### YOUR TASK
Scan the records below for the line containing "Photo #6: 2000 Lee Highway" and the line containing "Casa à venda". Copy both, plus every line between, exactly.
######
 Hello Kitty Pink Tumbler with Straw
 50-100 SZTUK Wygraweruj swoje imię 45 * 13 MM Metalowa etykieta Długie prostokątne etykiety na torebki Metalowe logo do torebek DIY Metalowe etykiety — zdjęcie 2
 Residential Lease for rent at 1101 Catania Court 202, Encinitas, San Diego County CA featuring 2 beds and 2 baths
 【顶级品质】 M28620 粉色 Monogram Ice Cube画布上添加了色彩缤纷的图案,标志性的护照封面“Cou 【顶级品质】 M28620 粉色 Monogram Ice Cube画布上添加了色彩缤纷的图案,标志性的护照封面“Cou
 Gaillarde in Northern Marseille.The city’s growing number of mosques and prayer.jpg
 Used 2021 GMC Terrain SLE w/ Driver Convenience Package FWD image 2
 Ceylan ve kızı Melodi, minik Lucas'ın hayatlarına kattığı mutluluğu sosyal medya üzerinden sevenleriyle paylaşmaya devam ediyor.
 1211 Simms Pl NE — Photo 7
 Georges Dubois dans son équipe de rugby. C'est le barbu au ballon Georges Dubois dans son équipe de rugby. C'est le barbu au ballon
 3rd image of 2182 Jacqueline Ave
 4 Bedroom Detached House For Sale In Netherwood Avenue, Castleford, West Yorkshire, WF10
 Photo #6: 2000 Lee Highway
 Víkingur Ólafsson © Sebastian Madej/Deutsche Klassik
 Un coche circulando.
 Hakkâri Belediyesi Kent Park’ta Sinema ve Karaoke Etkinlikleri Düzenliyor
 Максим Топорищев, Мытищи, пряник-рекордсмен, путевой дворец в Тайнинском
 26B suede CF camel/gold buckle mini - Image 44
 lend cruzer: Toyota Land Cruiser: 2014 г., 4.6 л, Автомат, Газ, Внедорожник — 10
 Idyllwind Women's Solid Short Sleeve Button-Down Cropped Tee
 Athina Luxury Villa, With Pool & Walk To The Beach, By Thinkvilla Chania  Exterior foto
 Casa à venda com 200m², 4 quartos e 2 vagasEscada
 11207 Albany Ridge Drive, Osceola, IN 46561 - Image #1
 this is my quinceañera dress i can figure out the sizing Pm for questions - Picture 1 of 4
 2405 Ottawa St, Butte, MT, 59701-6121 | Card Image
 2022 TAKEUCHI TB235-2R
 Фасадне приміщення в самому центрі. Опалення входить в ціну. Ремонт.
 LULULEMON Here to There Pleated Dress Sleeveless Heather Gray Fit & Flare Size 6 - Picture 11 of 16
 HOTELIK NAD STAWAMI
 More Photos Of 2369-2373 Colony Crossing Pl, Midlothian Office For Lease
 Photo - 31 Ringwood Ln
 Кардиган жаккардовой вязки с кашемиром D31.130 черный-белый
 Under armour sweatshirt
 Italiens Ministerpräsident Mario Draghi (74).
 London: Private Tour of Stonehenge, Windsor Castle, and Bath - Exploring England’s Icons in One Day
######
### EXERCISE SOLUTION
 Photo #6: 2000 Lee Highway
 Víkingur Ólafsson © Sebastian Madej/Deutsche Klassik
 Un coche circulando.
 Hakkâri Belediyesi Kent Park’ta Sinema ve Karaoke Etkinlikleri Düzenliyor
 Максим Топорищев, Мытищи, пряник-рекордсмен, путевой дворец в Тайнинском
 26B suede CF camel/gold buckle mini - Image 44
 lend cruzer: Toyota Land Cruiser: 2014 г., 4.6 л, Автомат, Газ, Внедорожник — 10
 Idyllwind Women's Solid Short Sleeve Button-Down Cropped Tee
 Athina Luxury Villa, With Pool & Walk To The Beach, By Thinkvilla Chania  Exterior foto
 Casa à venda com 200m², 4 quartos e 2 vagasEscada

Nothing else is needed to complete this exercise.